** EXERCISE DESCRIPTION **
Exactly the lines from the one holding "Photo showing pembroke" through the last line of the listing below must appear in the answer, and no pictures.

** GIVEN DATA **
═══
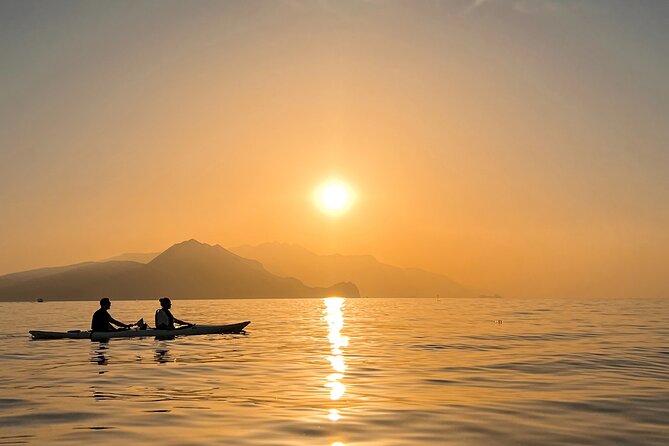Kayak tour in Capri between caves and beaches. Photos included. - Arco della Stella: The Arch You Paddle Through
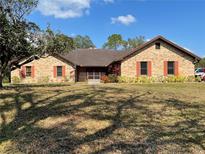 Charming brick home with a well-manicured lawn, colorful foliage, and a lovely, inviting facade at 1990 Spruce Creek N Cir, Port Orange, FL 32128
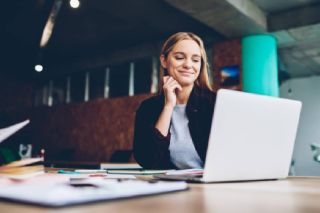 Woman smiling at laptop screen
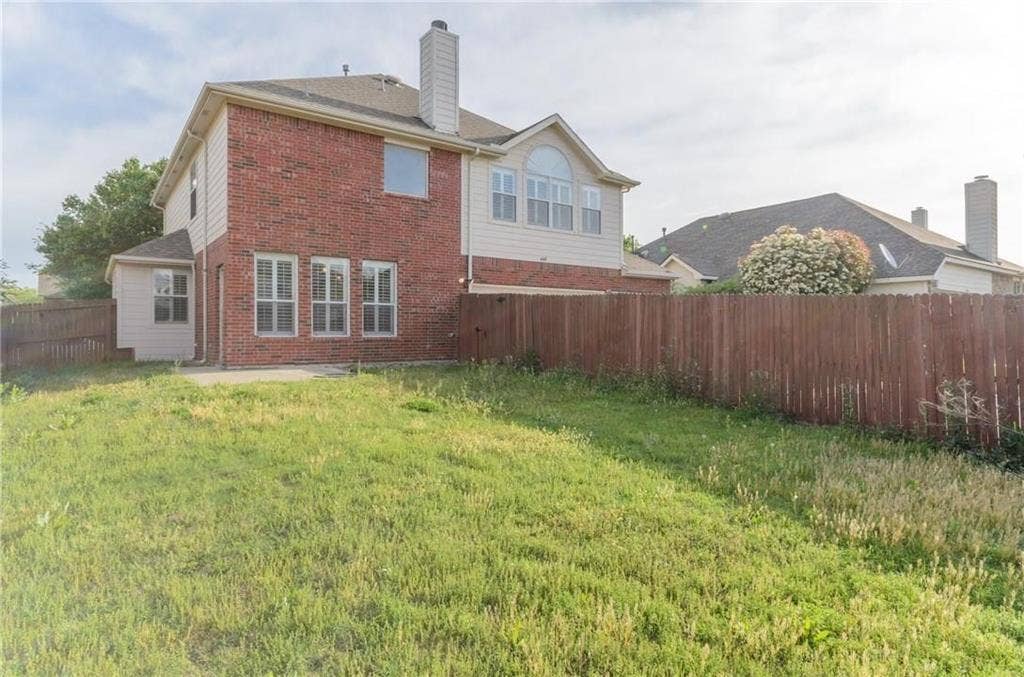 4440 Waskom Drive, Plano, TX 75024 Expansive backyard featuring a privacy fence, concrete patio, and a two-story exterior with brick and siding finishes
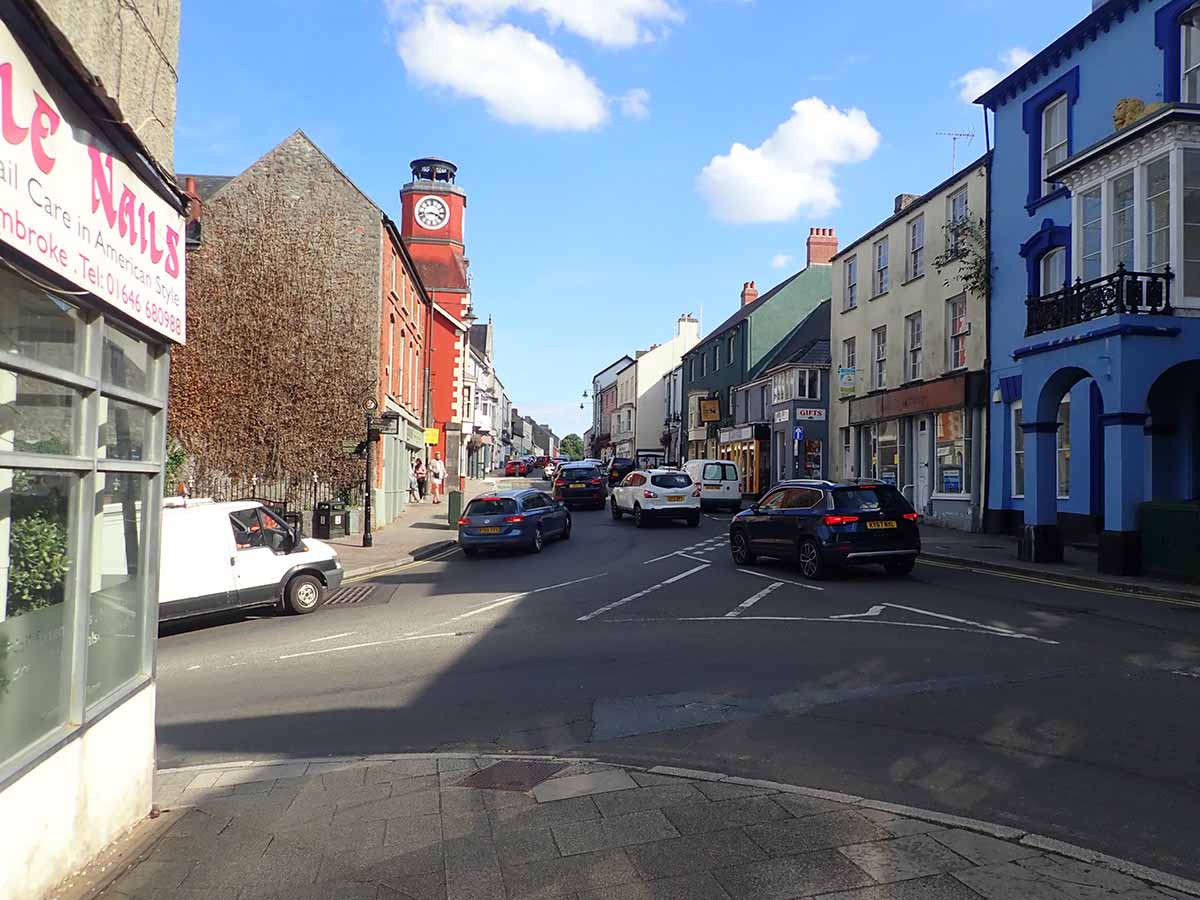 Photo showing pembroke High Street with flats for sale above shops.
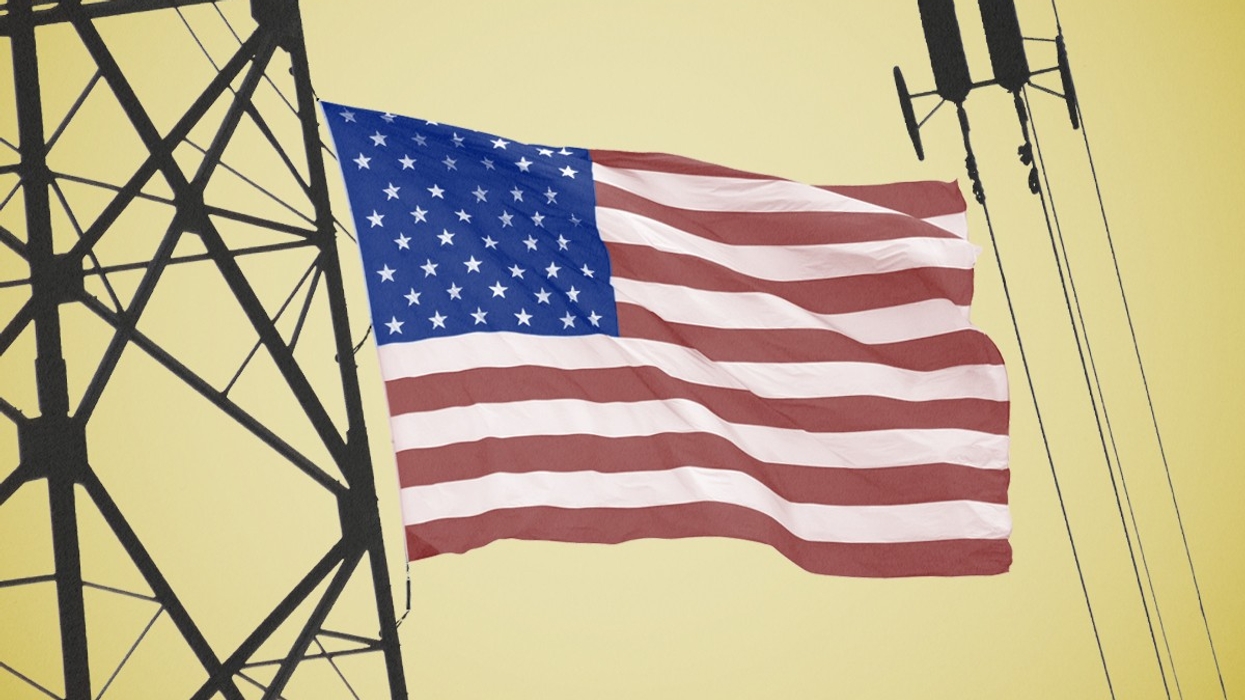 An American flag and power lines.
═══
** TASK RESPONSE **
 Photo showing pembroke High Street with flats for sale above shops.
 An American flag and power lines.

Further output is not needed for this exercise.